On ne quitte pas sa famille, on la change de l’intérieur

DR

ChroniqueSi vous êtes capables d’aimer la femme ou l’homme qui vous a tant de fois déçus, trompés ou bernés, alors n’hésitez pas : votez !

Le 01/10/2016 à 18h18

Voter est bien sûr un devoir. Mais ce n’est pas une obligation. Ceux qui ne votent pas n’en sont pas moins Marocains, égaux aux autres. Ils ont les mêmes droits et le même amour pour leur pays qui court dans les veines. Cela aussi, il faut le comprendre et l’accepter.

Au Maroc, l’histoire cumulée de toutes les élections a été une telle déception que celui qui continue de voter, alors qu’il a tant et tant de fois été déçu, voire berné, cet individu-là mérite une médaille.

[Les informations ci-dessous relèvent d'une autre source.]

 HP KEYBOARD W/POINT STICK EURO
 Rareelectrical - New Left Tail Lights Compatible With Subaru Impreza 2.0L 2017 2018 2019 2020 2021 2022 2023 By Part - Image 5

Il est courageux. Il est comme le fameux inspecteur Harry qui ne renonce jamais. Il remet le couvert à chaque fois, il y croit à chaque fois, en se disant que c’est la dernière fois. Et il n’y a jamais de dernière fois.

Voter, dans ces conditions, revient à aimer de nouveau une femme ou un homme en étant à peu près sûr d’être déçu. Il faut le faire ! Mais quand on y arrive, c’est magnifique, rien à dire. Parce que l’amour est plus fort que tout, et tant pis s’il est destructeur et emporte tout sur son passage.

Cette période électorale où tout le monde pousse tout le monde à voter, quitte à le faire en fermant les yeux, me rappelle une petite histoire personnelle. Je ferme les yeux à mon tour et je me souviens. J’ai connu une fille de notable qui disait que son père était le pire homme sur terre. Il trompait sa mère et il réduisait le personnel à son service à l’esclavage. C’est ce qu’elle disait. La jeune fille « tuait son père ». Ses frères aussi s’amusaient à tuer le père. Pourtant, le jour des élections, toute la fratrie réunie a mené campagne pour ce père tant haï, tant et tant de fois «tué». Je me souviens avoir demandé à la jeune femme, totalement ahuri : « Mais comment pouvez-vous soutenir et appeler à voter pour quelqu’un que vous détestez ? ». Elle m’a répondu : « Parce qu’on ne quitte pas sa famille ! » 

Cette histoire a bien sûr une morale. Voire deux. La première morale, c’est que les partis politiques, les vrais, ceux qui ont un enracinement dans la société, sont des affaires de famille. Ils ressemblent à des clubs de foot. On naît ittihadi (socialiste) ou istiqlalien, de droite ou de gauche, comme on naît rajaoui ou wydadi. C’est une affaire de transmission. Tel père, tel fils et telle fille, même si le fils et la fille s’amusent à tuer le père. 

La deuxième morale, qui nous intéresse le plus aujourd’hui, c’est qu’il vaut mieux changer une famille ou un parti de l’intérieur, plutôt que de les quitter. Même quand on est déçu.

Une famille ou un parti, dans le sens noble du terme, ce n’est pas une chemise qu’on change et qu’on jette.

En disant cela, j’ai une nostalgie particulière pour toutes ces familles marocaines restées fidèles à leurs couleurs. Contre vents et marées. Malgré les déceptions et malgré les défaites. Ce n’est pas de l’aveuglement mais de la fidélité. On a beau dire, ça n’a pas de prix.